Failure autosensing devices are common throughout the electronics business but Tektronix appear to have been the earliest to pick up on this market niche within the broadcast test and measurement area. They introduced Cerify several years ago and have been gradually adding extra bells and whistles. Cerify was claimed (correctly, so far as I can determine) to be the world's first fully automated system for checking file based content prior to broadcast transmission.

Controlled via a web-browser, Cerify was designed to replace the manual process of visually inspecting video content. Aspects of broadcast file content that can be checked by Cerify include video and audio standards conformity, resolution, bit-rate and adherence to transmission system limits.

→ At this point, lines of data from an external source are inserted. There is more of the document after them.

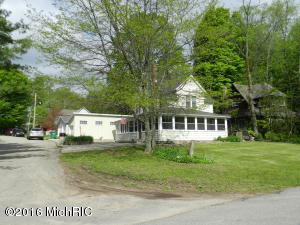 22246 Ash St, Cassopolis, MI 49031 photo 2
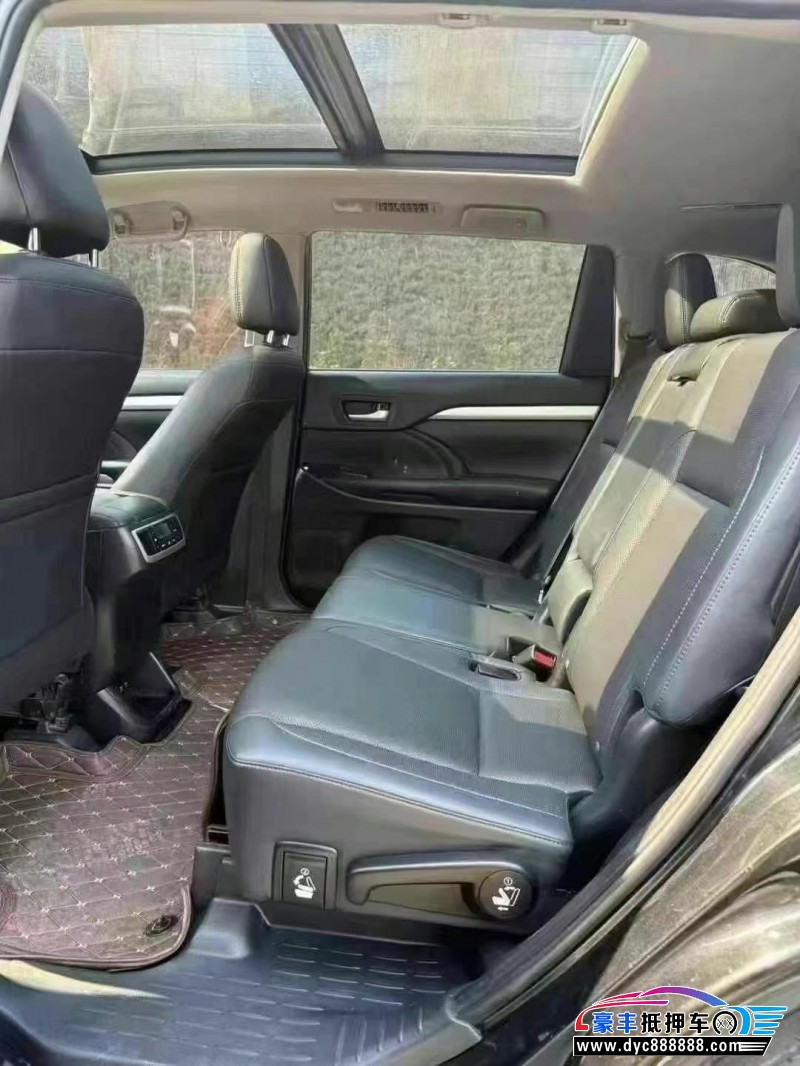 20年丰田汉兰达轿车抵押车出售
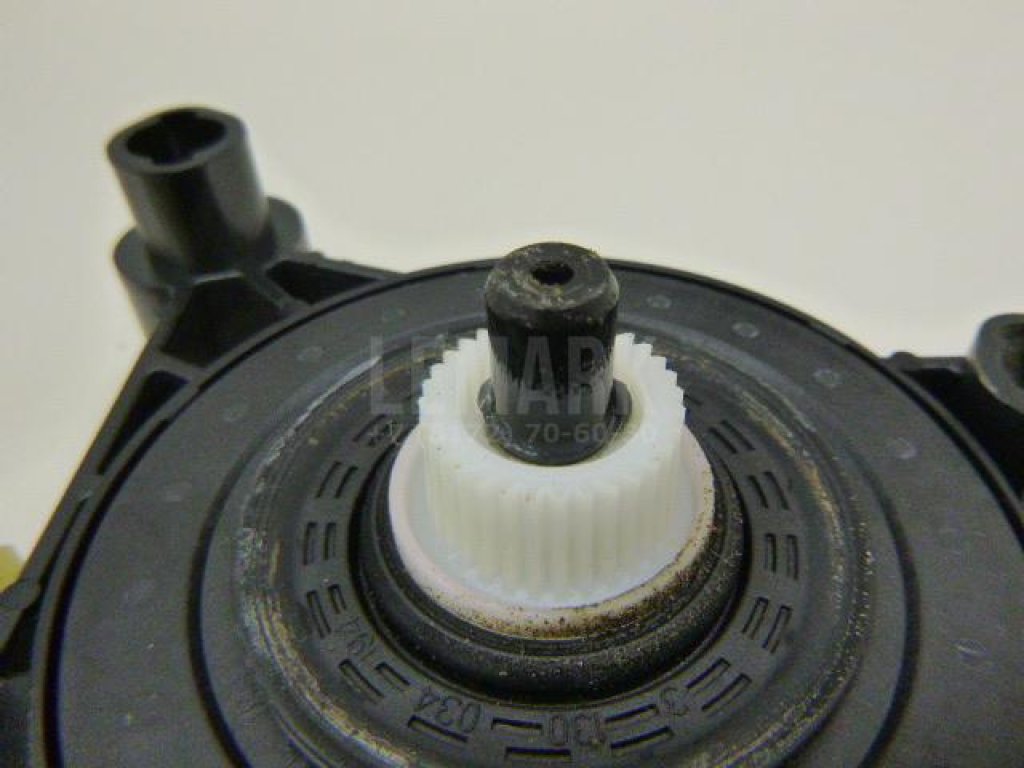 Моторчик стеклоподъемника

Also overall video and audio quality factors such as black frames, blockiness and audio silence. Cerify is designed to be used at ingest, prior to post production, before playout and for post-transmission archive validation. User-definable templates can be constructed as verification references.

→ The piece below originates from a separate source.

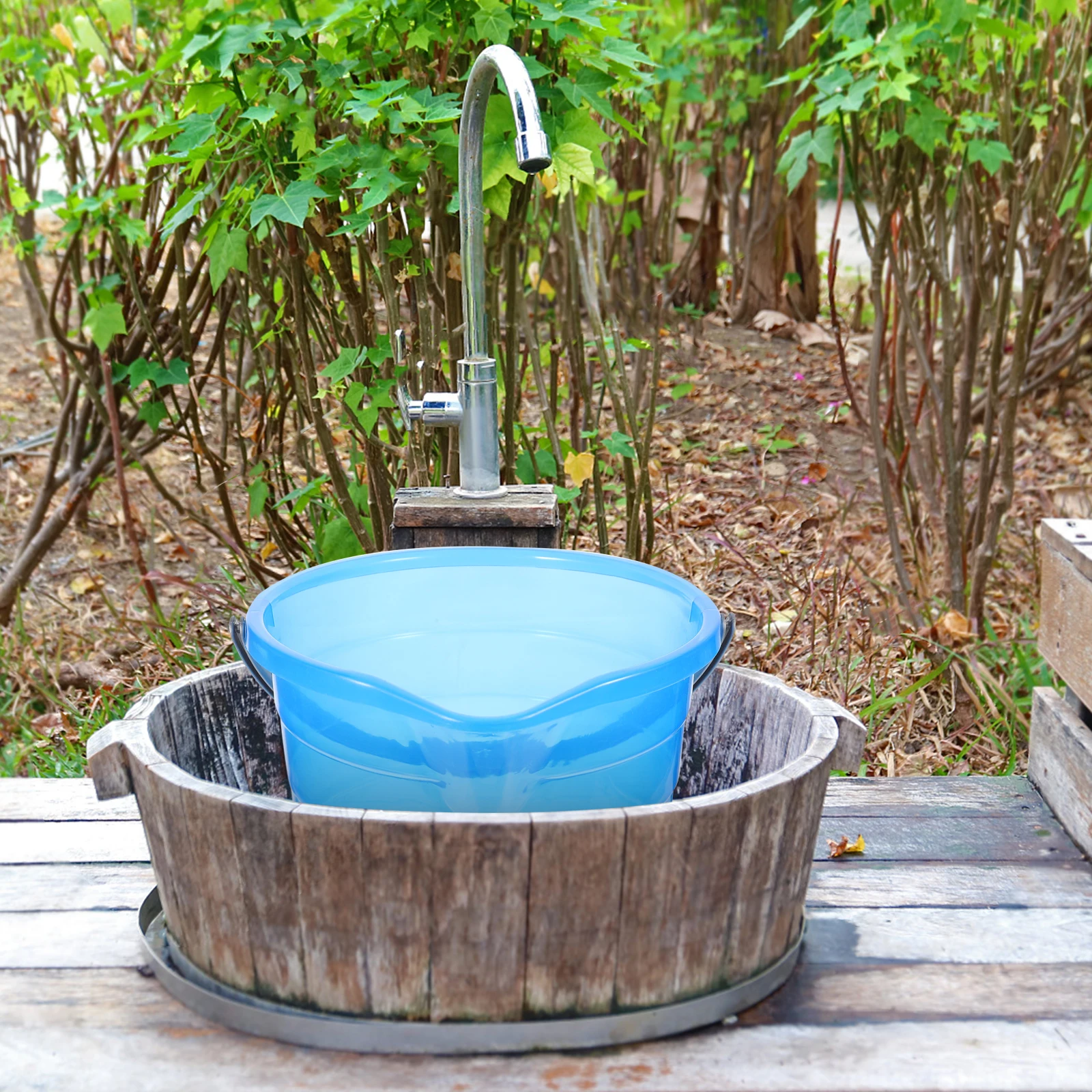 Portable Water Blue Durable Plastic Storage Tank with Handle for Home Bucket Small Bucket Bathing Laundry Home Use
Portable Water Blue Durable Plastic Storage Tank with Handle for Home Bucket Small Bucket Bathing Laundry Home Use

Signal types handled include QCIF, CIF, SD, 720p, 1080I, MPEG-2, MPEG-4, H.264 and VC-1. Introduced in prototype this year, Cerify 5.0 includes applications for Dolby DP600 and Dolby-E support, additional audio/video codecs including .wma, and enhanced baseband tests.

Videotek QuiC

Harris responded at NAB this year with the latest version of its Videotek QuiC media analysis server. It combines loudness monitoring technology from TC Electronic with the QuiC system's automated quality control and correction tools.

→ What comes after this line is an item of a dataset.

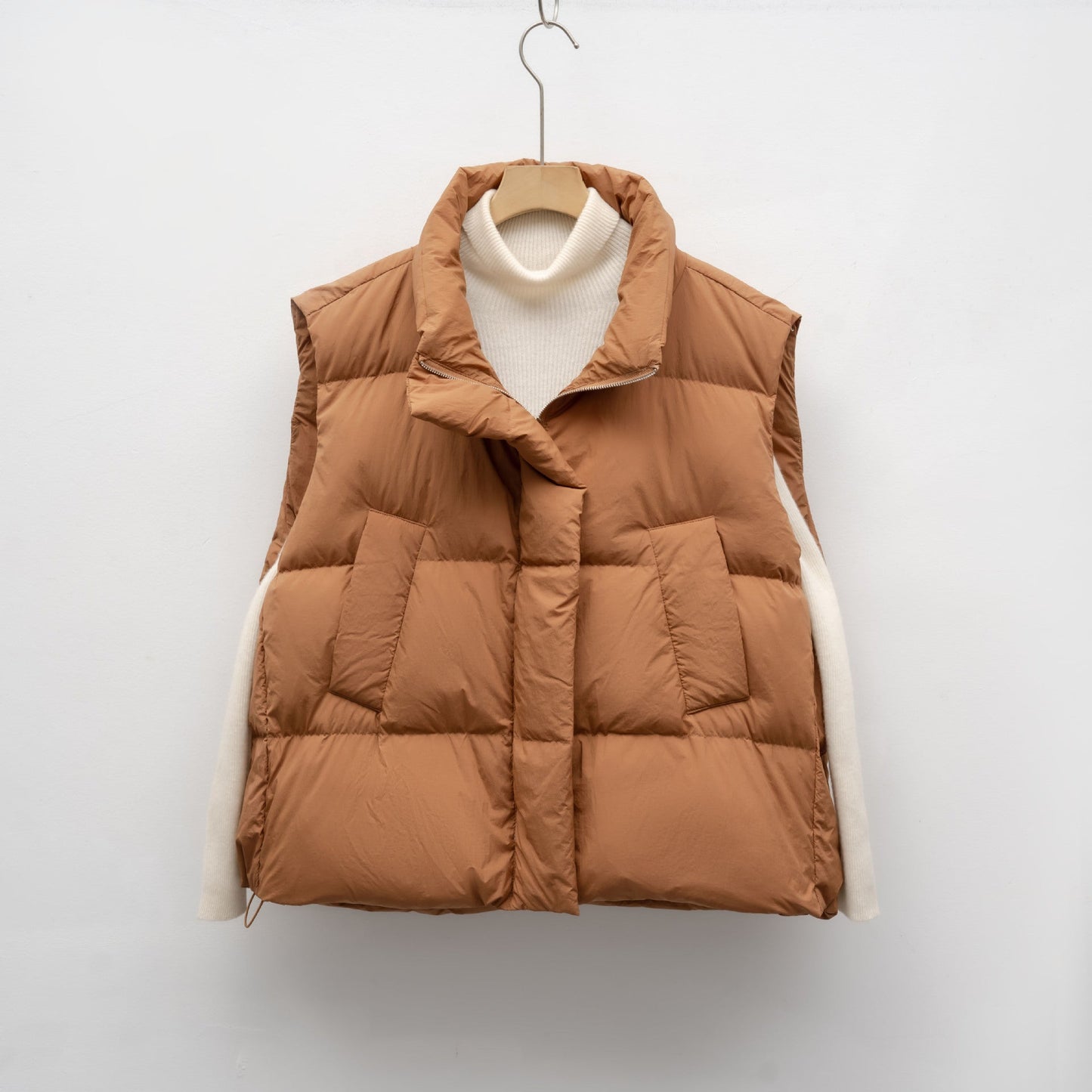 Street Wave Womens Puffer Vest With High Collar And Practical Pockets For Everyday Urban Style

Quic is intended for use with Harris' Nexio server. The server generates a flag that allows a file to be placed automatically in the analysis queue on ingest or alteration (edit).

Following analysis of a media file, QuiC tracks the file's status and creates a database of test results along with any changes made to the file. The information is then summarised in the header of the file's MXF wrapper and can be viewed as a relatively user-friendly GUI display.

Coupled to a legaliser, QuiC Media Analysis corrects out-of-spec baseband audio and video content without requiring the file to be returned to the content-provider for re-editing. Harris originally introduced QuiC in April 2006 and currently claims an installed based of more than 100 customers.

Hamlet Reel-Check

The third contender in this product category at NAB2008 was Hamlet's Reel-Check video and audio offline test and measurement system.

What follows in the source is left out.